CodeGuru Home VC++ / MFC / C++ .NET / C# Visual Basic VB Forums Developer.com
Page 1 of 2 12 LastLast
Results 1 to 15 of 21
  1. #1
    Join Date
    Aug 2008
    Posts
    902

    Problems designing my vectorized math library

    Ok, so lets make this part clear right of the bat: I know there are plenty of math libraries that already exist D3D's, XNA's, the list goes on. I'm aware of this.

    My first approach was to create a class named float4 which would contain 4 packed and 16 byte aligned floating point numbers. It would offer initializers and overloaded operators written with SSE intrinsics for vector and matrix math.

    The problem, is that operator overloading doesn't mix well with intrinsics, especially on my compiler, MSVC.

    Here is an example of my implementation:

    Code:
    class float4
    {
    private:
            __m128 v;
    
    public:
    
    ...
    
            inline float4& operator+=(const float4& rhs)
    	{
    		v = _mm_add_ps(v, rhs.v);
    		return *this;
    	}
            inline const float4 operator+(const float4& rhs) const
    	{
    		return float4(*this) += rhs;
    	}
    };
    when you compare this code like so:

    Code:
    float4 a(1,2,3,4);
    float4 b(5,6,7,8);
    float4 c = a + b;
    
    // VS
    
    _m128 a = { 1,2,3,4 };
    _m128 b = { 5,6,7,8 };
    _m128 c = _mm_add_ps(a, b);
    You will find that the float4 class with operators is 10x slower than the pure intrinsic code (in my tests, no need to question my methods, they were accurate enough.)

    I found this article http://www.gamasutra.com/view/featur...form_simd_.php which talks about this issue. Basically, the compiler is unnecessarily moving the data sse_register >> memory >> x87 FPU >> memory >> sse_register which is what kills the performance. It's probably slower than pure x87 code. In the article he claims that the solution is to use a C like interface instead, one which inlines everything and passes by value to avoid moving data out of the SSE registers.

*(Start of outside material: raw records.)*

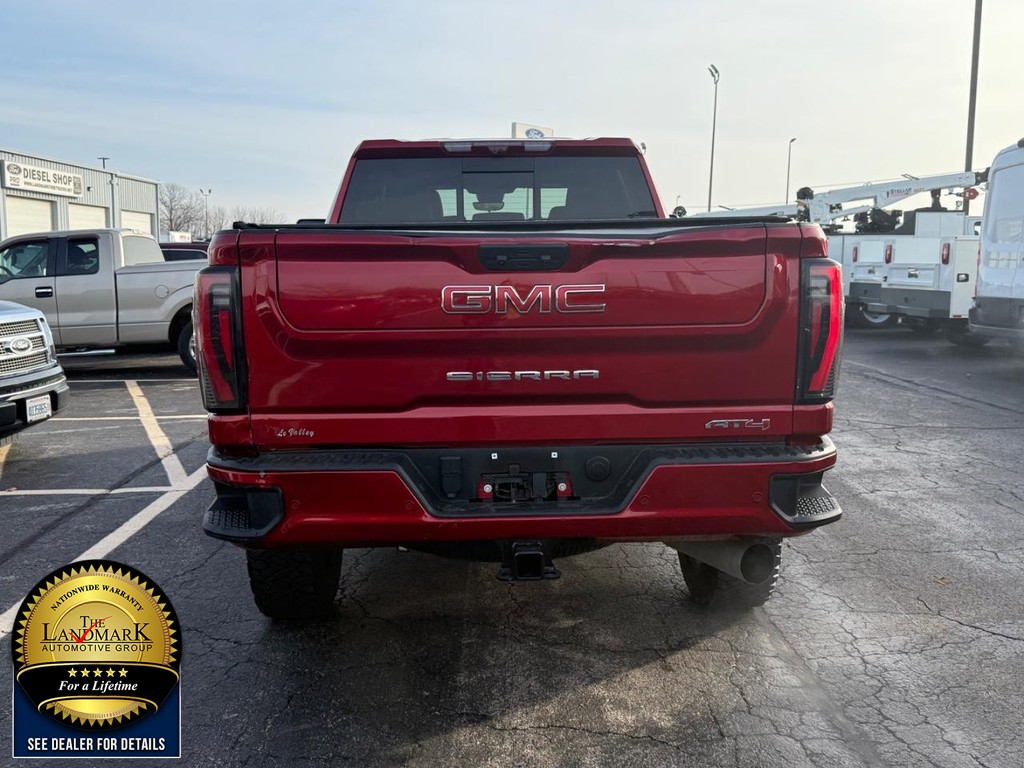 GMC Sierra 2500HD Vehicle Full-screen Gallery Image 6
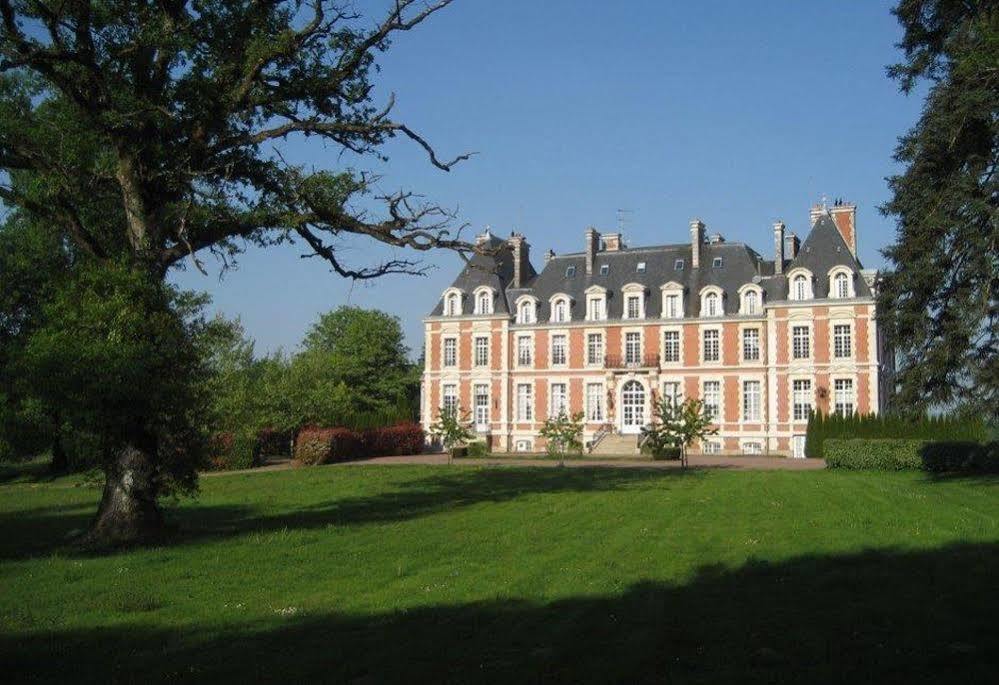 Wyndham Halcyon Resort La Souterraine Noth Exterior photo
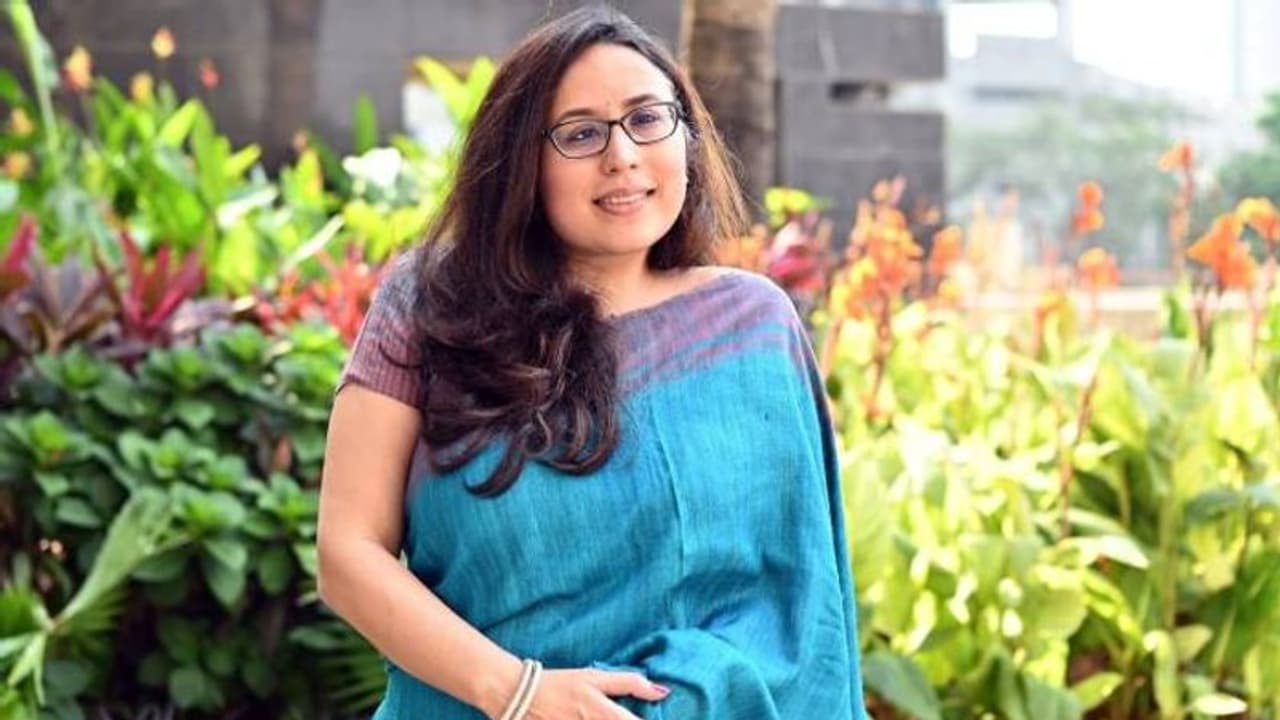 അതെ, എനിക്ക് കോങ്കണ്ണും, വളഞ്ഞ കഴുത്തുമാണ്, അതാണ് എന്റെ പ്രത്യേകത; രാധിക പറയുന്നു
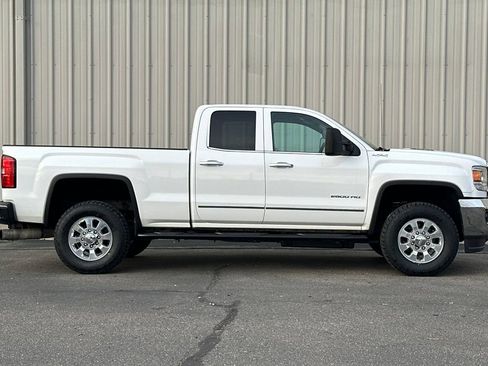 Used 2015 GMC Sierra 2500 SLT w/ Driver Alert Package image 3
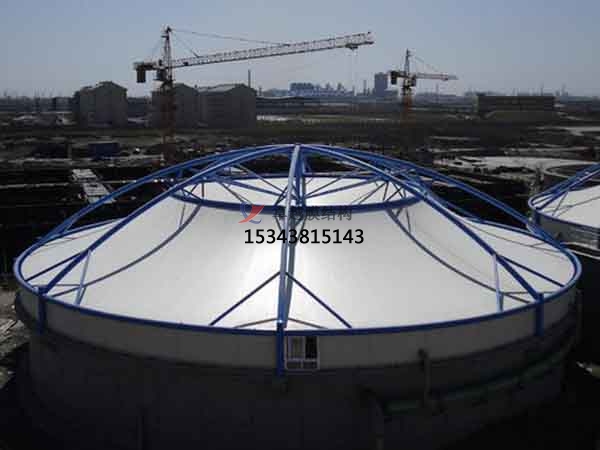 環(huán)保式<font color='red'>污水池加蓋</font>最佳方法-鋼支撐反吊式膜結(jié)構(gòu)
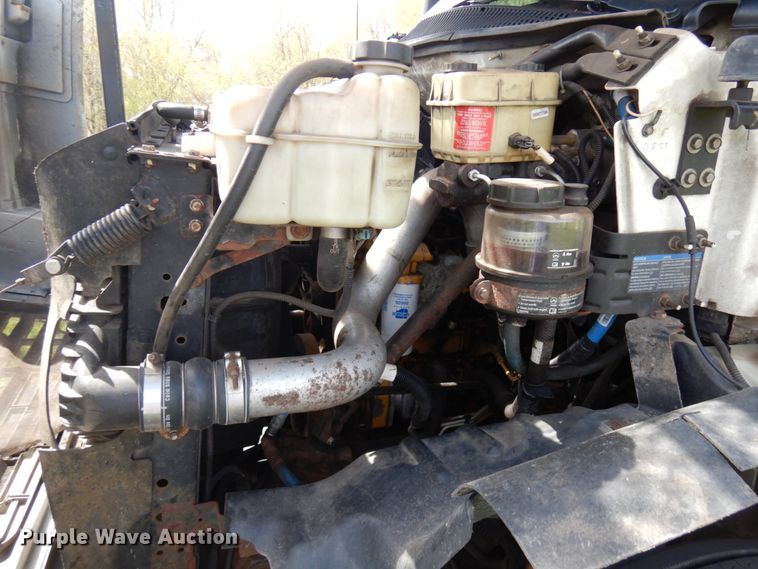 image for item IT9257 2004 GMC C7500  forestry bucket truck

    The headache gets worse at this point, as I have switched to a C like design in which float4 is actually just a typedef for __m128 as the article suggested.

    Code:
    //Example
    typedef __m128 float4;
    
    inline float4 ps_add(float4 v1, float4 v2)
    {
    	return _mm_add_ps(v1, v2);
    }
    Reimplementing complex math using this instead of the class version is orders of magnitude faster, but these are the issues I'm currently facing:

    1: Microsoft's STL implementation of vector is no good for aligned data. You can implement an aligned allocator, but there version of vector<>.resize() passes by value instead of reference, so if you try and make a vector of any type of struct or class that contains aligned data, you will receive a compile-time error (oddly it works OK if you use __m128 in it, but not a class that contains a __m128). The solution to this may be to switch to a different STL, I'm looking into STLport atm.

    2: [strike]I don't know if STLport will solve this next problem. Using MSVC STL, if I create a vector<float4> (ok in this case because float4 is just a __m128), it works just fine, but I can't use push_back at all because if I try to push back a float4 it says ".push_back' must have class/struct/union"[/strike]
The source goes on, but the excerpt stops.